Project 1: minigrep-plus
Build a grep-like CLI that behaves correctly in pipelines and terminals.
Quick Reference
| Attribute | Value |
|---|---|
| Difficulty | Level 1 (Beginner) |
| Time Estimate | Weekend |
| Language | Rust (Alternatives: Go, Python) |
| Prerequisites | Basic CLI usage, file I/O, loops, error handling |
| Key Topics | STDIN/STDOUT/STDERR, buffering, TTY detection, exit codes |
1. Learning Objectives
By completing this project, you will:
- Implement a Unix-style CLI that reads from files or STDIN.
- Render terminal-friendly output without breaking pipes.
- Stream large input safely with constant memory usage.
- Apply conventional exit codes for match/no-match/error.
- Design flags and help text that match user expectations.
2. Theoretical Foundation
2.1 Core Concepts
- Standard Streams: Programs read from STDIN and write to STDOUT and STDERR. This lets tools compose via pipes without intermediate files.
- Buffering: Buffered I/O reduces syscalls and avoids loading large files into memory. For line-based tools, a buffered reader is the default.
- TTY Detection: A terminal interprets ANSI escape codes. Pipes and files do not.
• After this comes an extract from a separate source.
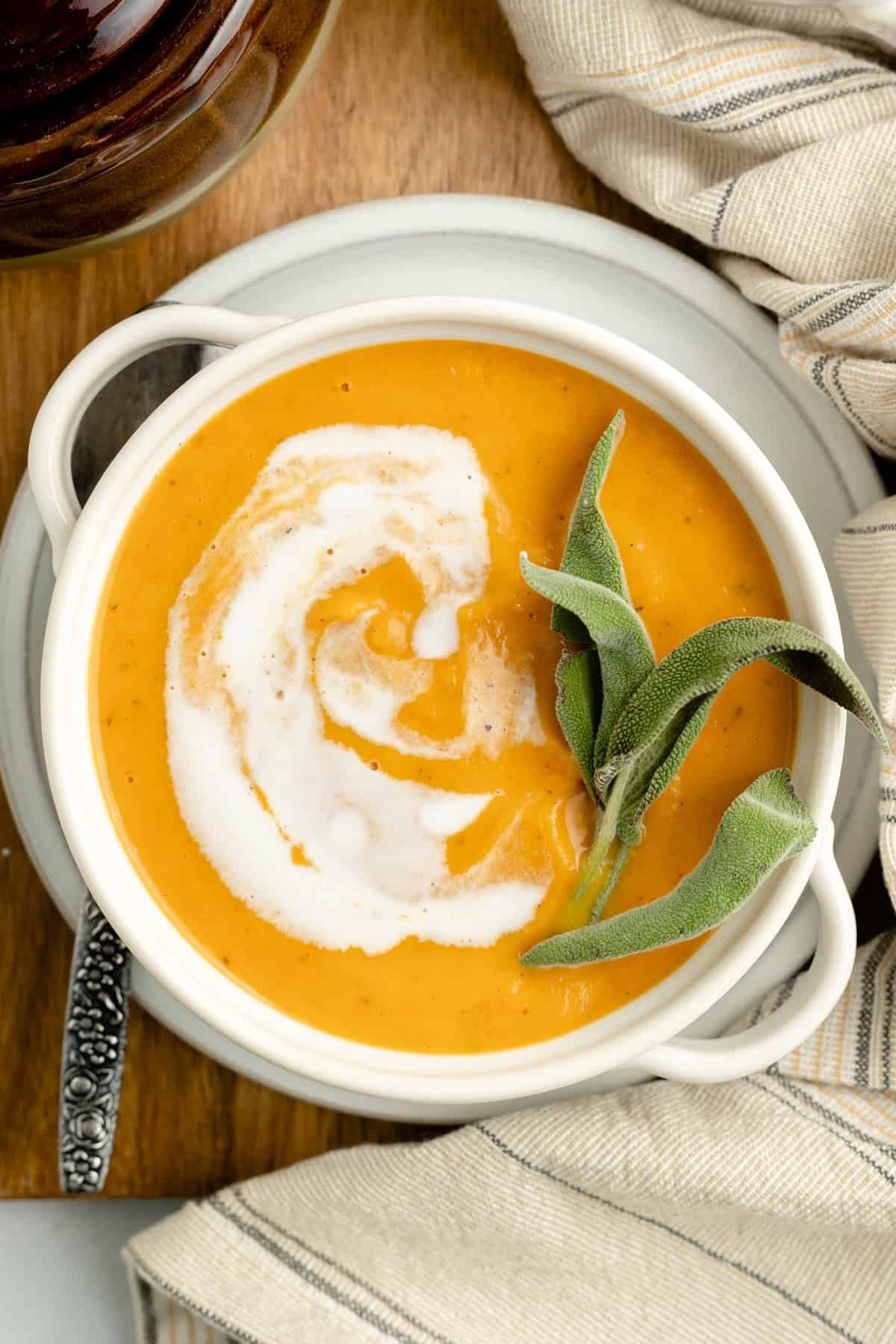 A rustic bowl of creamy pumpkin soup garnished with fresh sage leaves and a drizzle of brown sugar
A tool must detect its output destination and adjust accordingly.
- Exit Codes: Exit codes are the API for automation. grep uses: 0 = match found, 1 = no match, 2 = error.
- Pattern Matching: Even without regex, you must define case handling, match semantics, and how to highlight output.
2.2 Why This Matters
This is the baseline behavior expected of any CLI. If you mishandle streams or exit codes, your tool becomes unreliable in CI, scripts, and pipelines. Mastering this project means you can build tools that feel native to Unix.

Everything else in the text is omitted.